There were 3660 patients in the development cohort and 3012 in the validation cohort, of which 21.5% (development) and 19.1% (validation) were ASE (+). The Robust and Sparse K-means Clustering (RSKC) method performed best.
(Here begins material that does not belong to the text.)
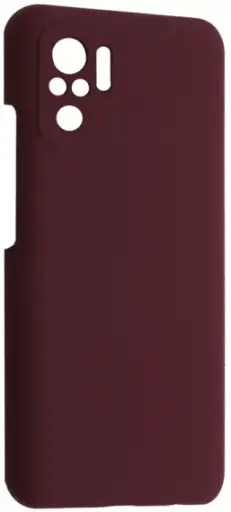 [20291] Силікон FULL Cover Xiaomi Redmi Note 10/Note 10s Burgundy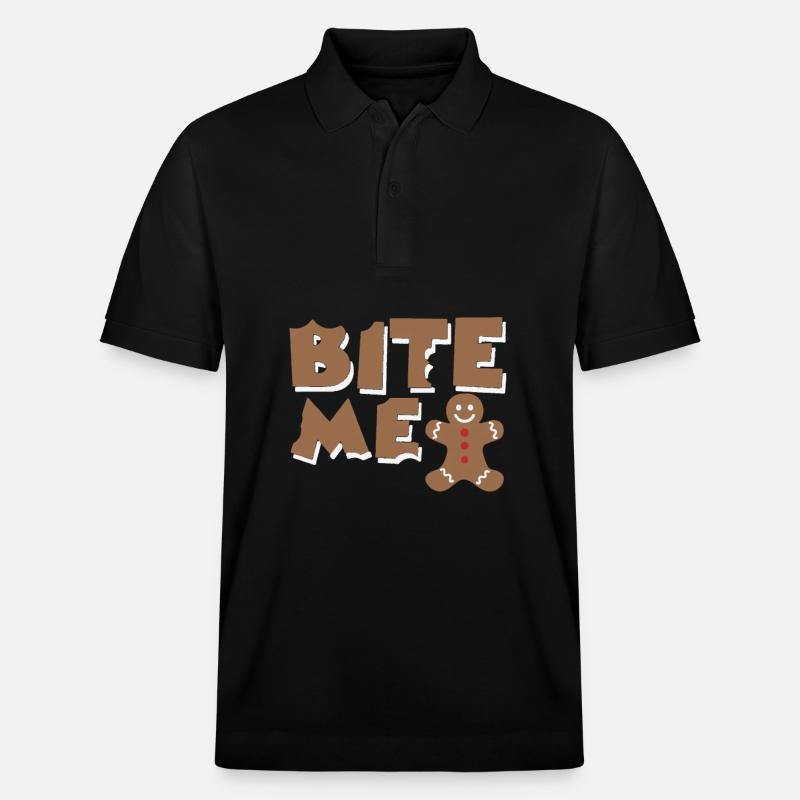 bite me - Stanley/Stella Unisex Bio-Poloshirt PREPSTER - Schwarz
In the development cohort, it identified 48 clusters of hospitalizations; 11 ASE-majority clusters contained 22.4% of all patients but 77.8% of all ASE (+) patients. 34.9% of the 209 ASE (-) patients in the ASE-majority clusters met more liberal ASE criteria for sepsis. Findings were consistent in the validation cohort.

CONCLUSIONS

Unsupervised clustering applied to diverse, large-scale medical data offers a promising approach to the identification of sepsis phenotypes for epidemiological surveillance.

摘要

背景

脓毒症是一个重大的全球健康问题。然而,它缺乏用于病例识别的真正参考标准,这使得流行病学监测变得复杂。共识定义已经多次更改,临床医生在床边难以识别脓毒症,并且不同的识别算法导致发病率存在很大差异。当前的两种识别方法使用行政数据中的编码,或基于电子健康记录(EHR)的算法,如疾病控制中心成人脓毒症事件(ASE);两者都有局限性。在这里,我们的主要目的是报告使用无监督聚类方法开发一种识别脓毒症新方法的初步步骤。其次,我们使用ASE标准识别作为熟悉的比较对象,报告对所得聚类的初步分析。

方法

这项回顾性队列研究使用了加拿大五个医疗中心(2015 - 2017年)重症监护病房(ICU)收治的成人患者的医院行政和EHR数据,分为开发队列和验证队列。在对592个变量(人口统计学、就诊特征、诊断、用药、实验室检查和临床管理)进行预处理并应用数据降维后,我们将55个主成分呈现给八种不同的聚类算法。一种自动肘部方法确定最佳聚类数,并根据聚类的一致性、分离度、分布和稳定性指标选择最佳算法。使用在开发队列中训练以预测聚类成员资格的XGBoost模型为验证队列分配聚类成员资格。对于聚类分析,我们根据符合ASE标准的比例(≥50% ASE多数聚类与ASE少数聚类)对聚类进行前瞻性细分,并比较它们的特征。

结果

开发队列中有3660名患者,验证队列中有3012名患者,其中21.5%(开发队列)和19.1%(验证队列)为ASE阳性。稳健稀疏K均值聚类(RSKC)方法表现最佳。在开发队列中,它识别出48个住院聚类;11个ASE多数聚类包含所有患者的22.4%,但所有ASE阳性患者的77.8%。ASE多数聚类中的209名ASE阴性患者中有34.9%符合更宽松的脓毒症ASE标准。验证队列中的结果一致。

结论

将无监督聚类应用于多样的大规模医疗数据为识别用于流行病学监测 的脓毒症表型提供了一种有前景的方法。